**Dataset extract**:
####
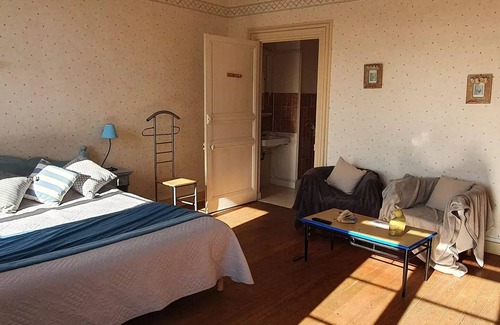 Courseulles-sur-Mer Cama Y Desayuno | Joyeux Reveil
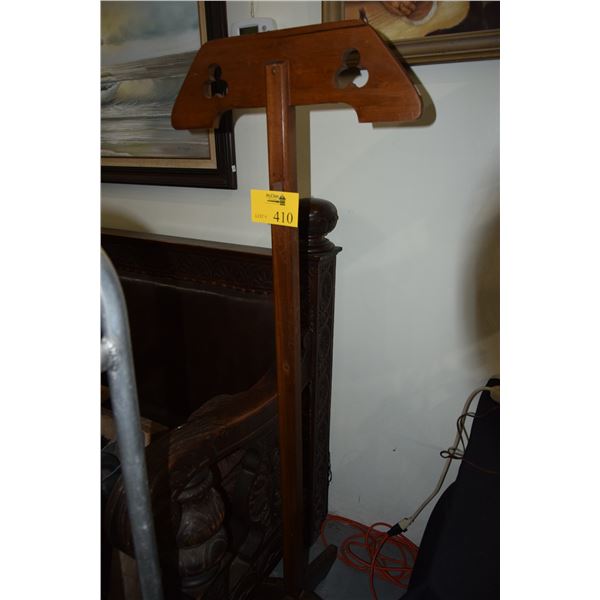 VESTMENT STAND (60 1/2" X 21")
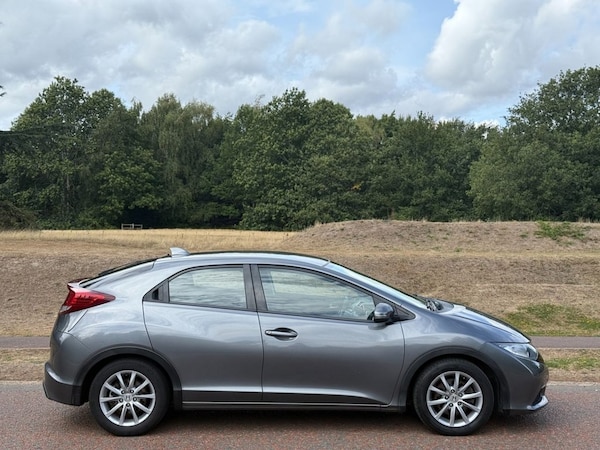 Used Honda Civic 2015 for sale - 75111015: Photo 9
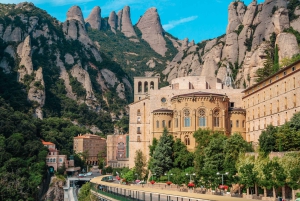 Barcelonasta: Yksityinen Montserratin opastettu kierros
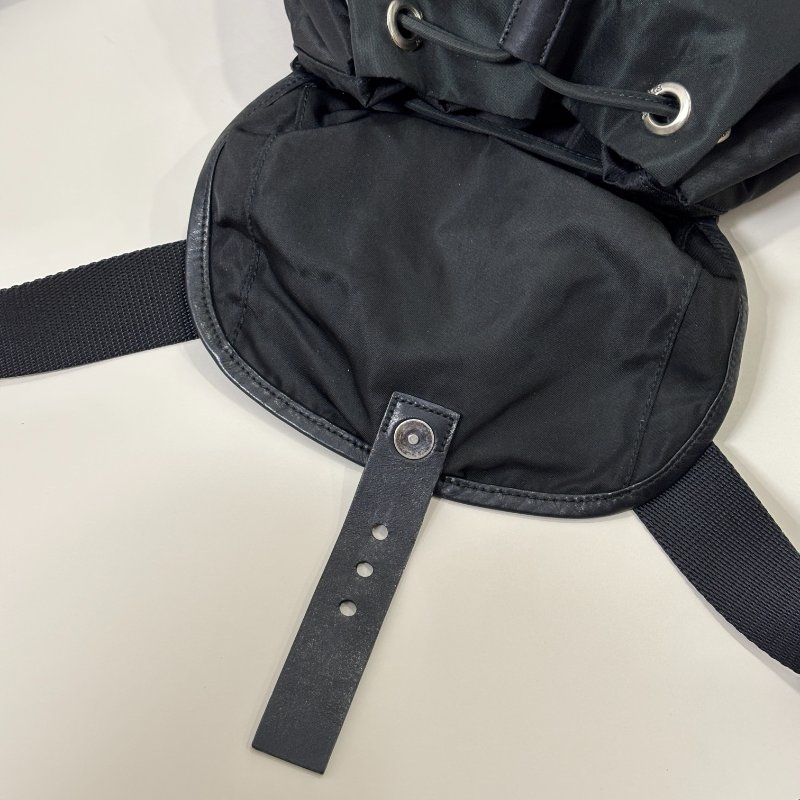 📍PRADA 黑色尼龍皮邊後背包-12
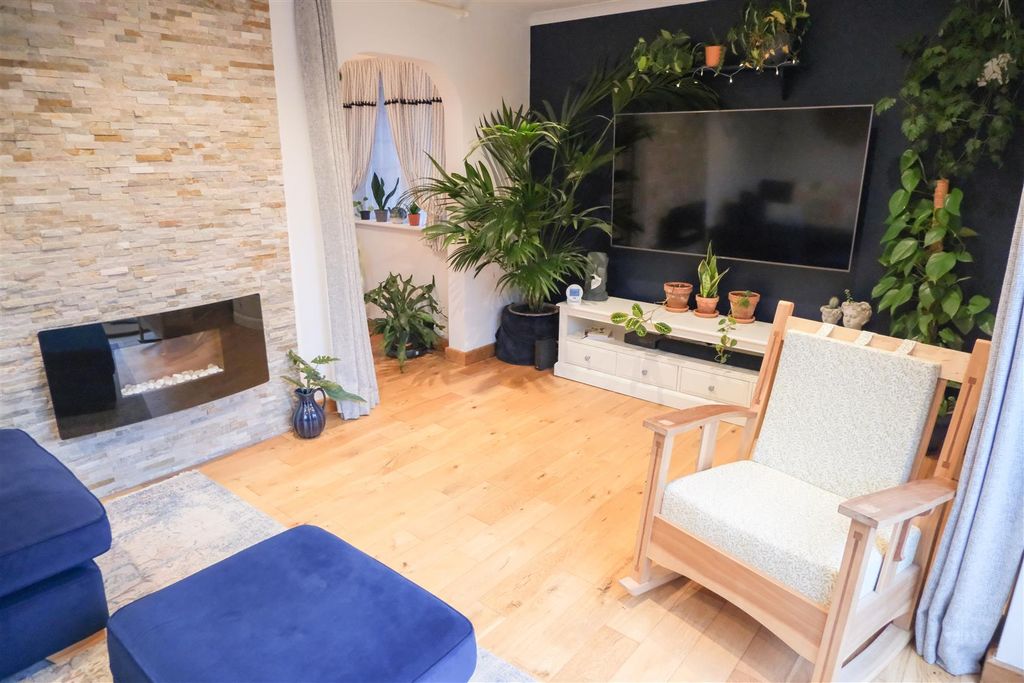 Property photo 3 of 18 Photo 23-12-2025, 10 56 54.Jpg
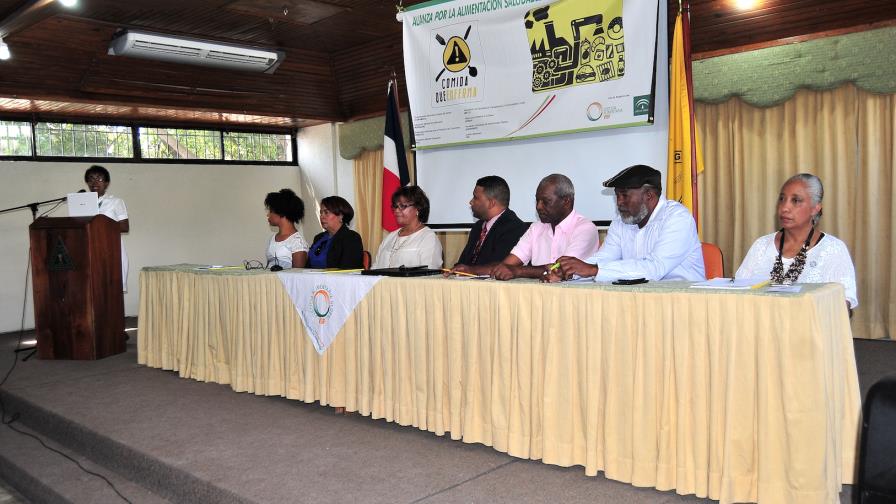 El 20% de las muertes que ocurren en  el país lo provoca la comida procesada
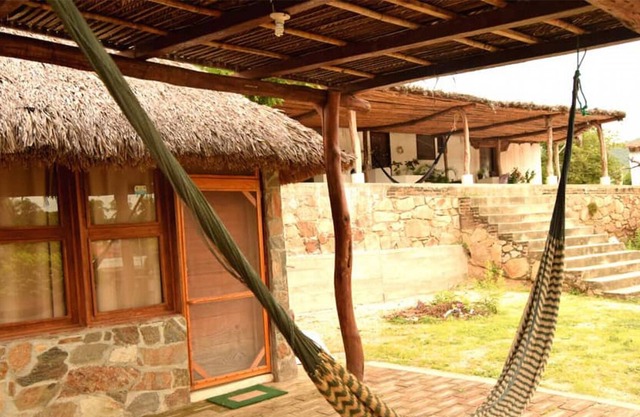 Surf, rest, Repeat. 10 min walk from the beach.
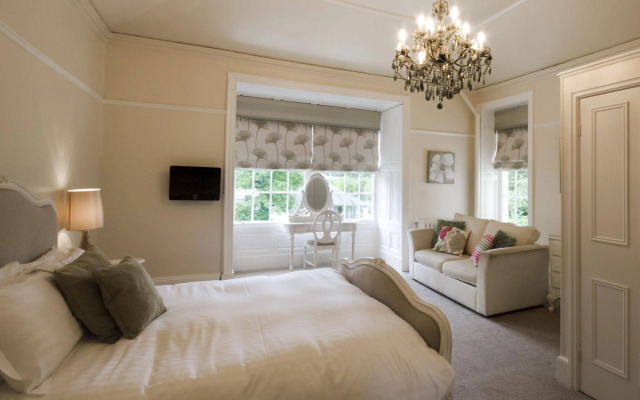 Dale Lodge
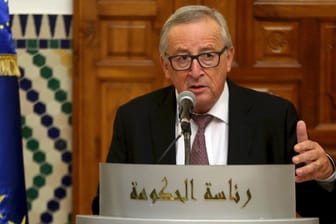 Jean-Claude Juncker in Tunesien: Für den EU-Kommissionspräsidenten ist die Diskussion um Flüchtlingslager in Nordafrika abgeschlossen.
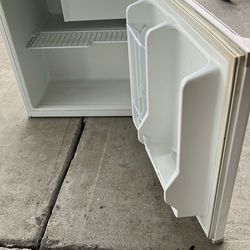 Haier Mini Fridge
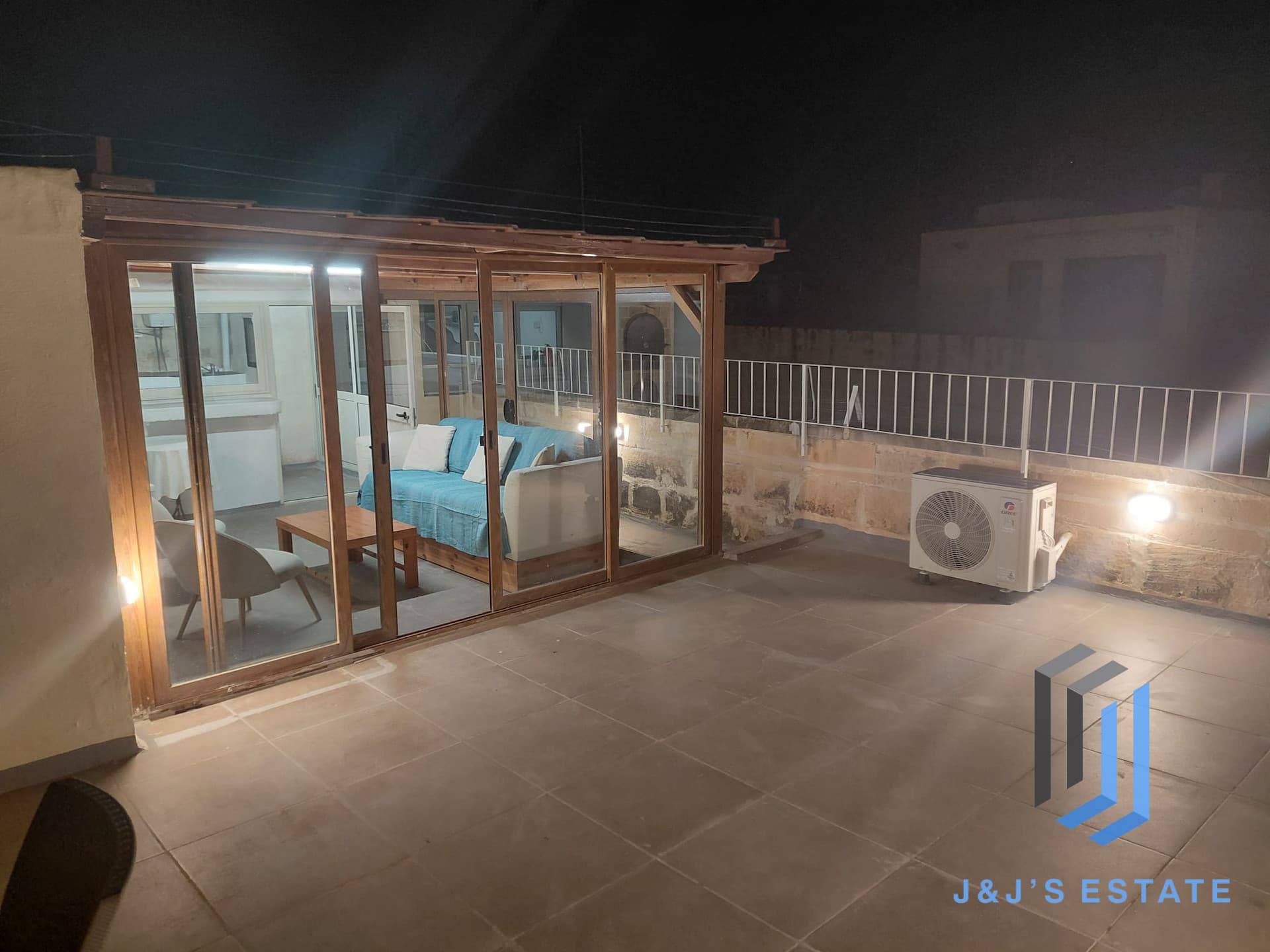 Renovated Fully Furnished Mosta House Of Character with Three Bedrooms · 16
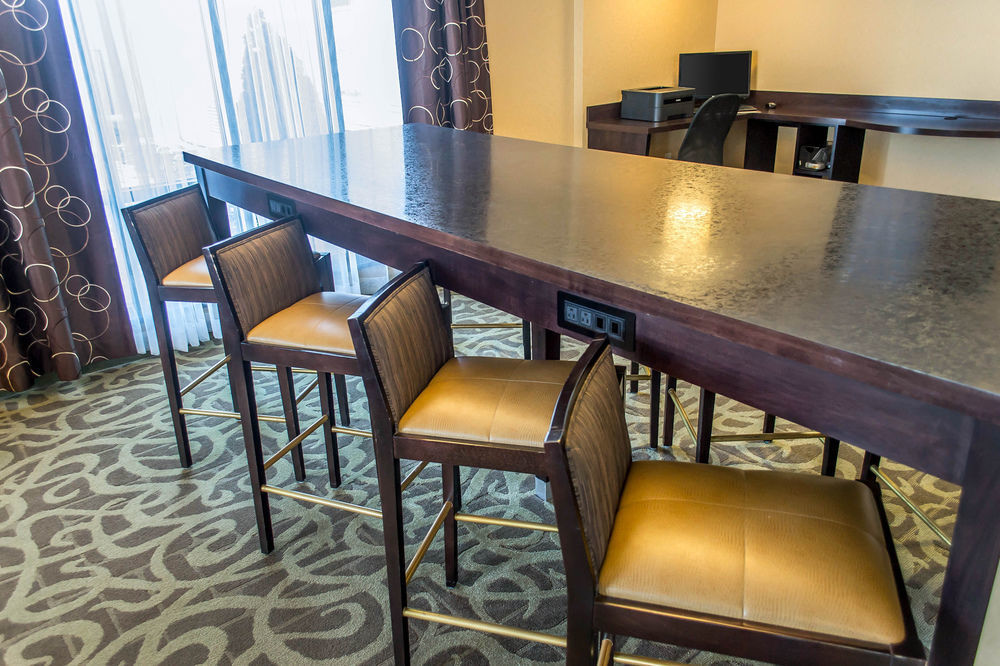 Clarion Hotel Beachwood-Cleveland Bagian luar foto
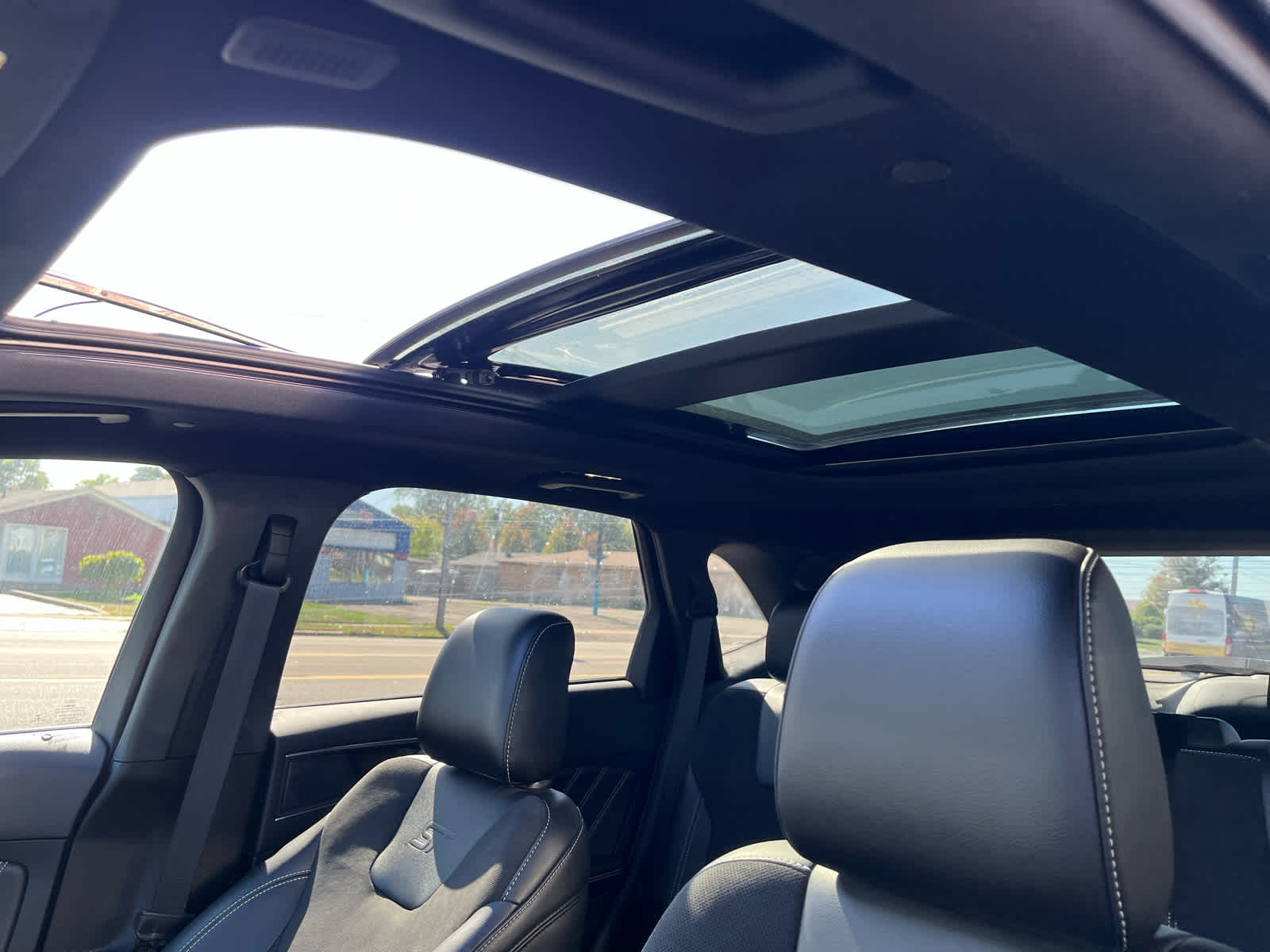 2021 Ford Edge ST photo 3
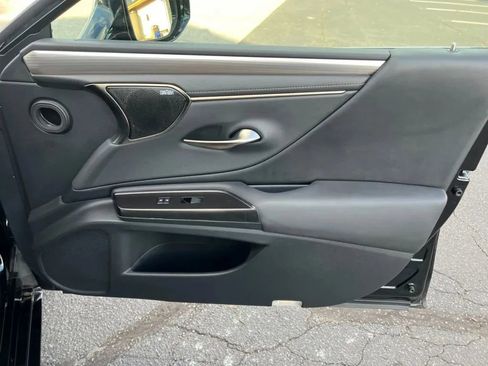 Used 2019 Lexus ES 350 F Sport w/ Accessory Package image 17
####
Only the lines above starting with the line with "Used Honda Civic" and going on through the line with "Surf, rest, Repeat." belong in the answer; repeat them exactly, minus any picture.

 Used Honda Civic 2015 for sale - 75111015: Photo 9
 Barcelonasta: Yksityinen Montserratin opastettu kierros
 📍PRADA 黑色尼龍皮邊後背包-12
 Property photo 3 of 18 Photo 23-12-2025, 10 56 54.Jpg
 El 20% de las muertes que ocurren en  el país lo provoca la comida procesada
 Surf, rest, Repeat. 10 min walk from the beach.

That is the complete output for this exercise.